**EXERCISE BRIEF**
With pictures removed, the data below should be returned exactly.

**DATA EXTRACT**

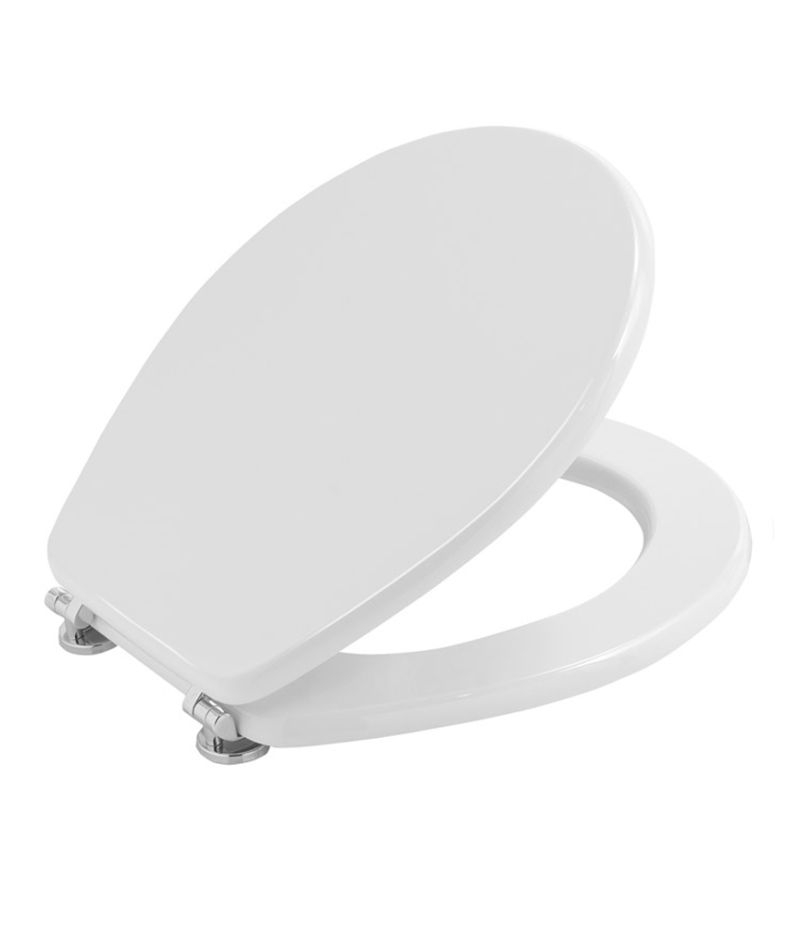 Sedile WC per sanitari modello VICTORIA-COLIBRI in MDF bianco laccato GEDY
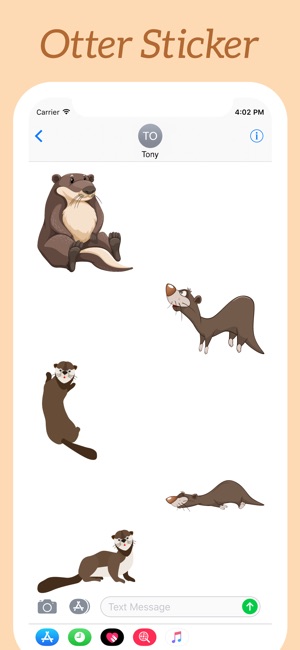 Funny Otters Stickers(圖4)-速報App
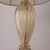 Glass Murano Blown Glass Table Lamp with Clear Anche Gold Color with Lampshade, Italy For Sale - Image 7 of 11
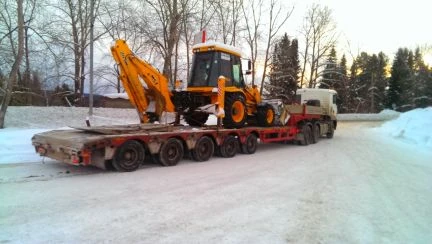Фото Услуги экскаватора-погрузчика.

**SOLUTION TO THE EXERCISE**
 Sedile WC per sanitari modello VICTORIA-COLIBRI in MDF bianco laccato GEDY
 Funny Otters Stickers(圖4)-速報App
 Glass Murano Blown Glass Table Lamp with Clear Anche Gold Color with Lampshade, Italy For Sale - Image 7 of 11
Фото Услуги экскаватора-погрузчика.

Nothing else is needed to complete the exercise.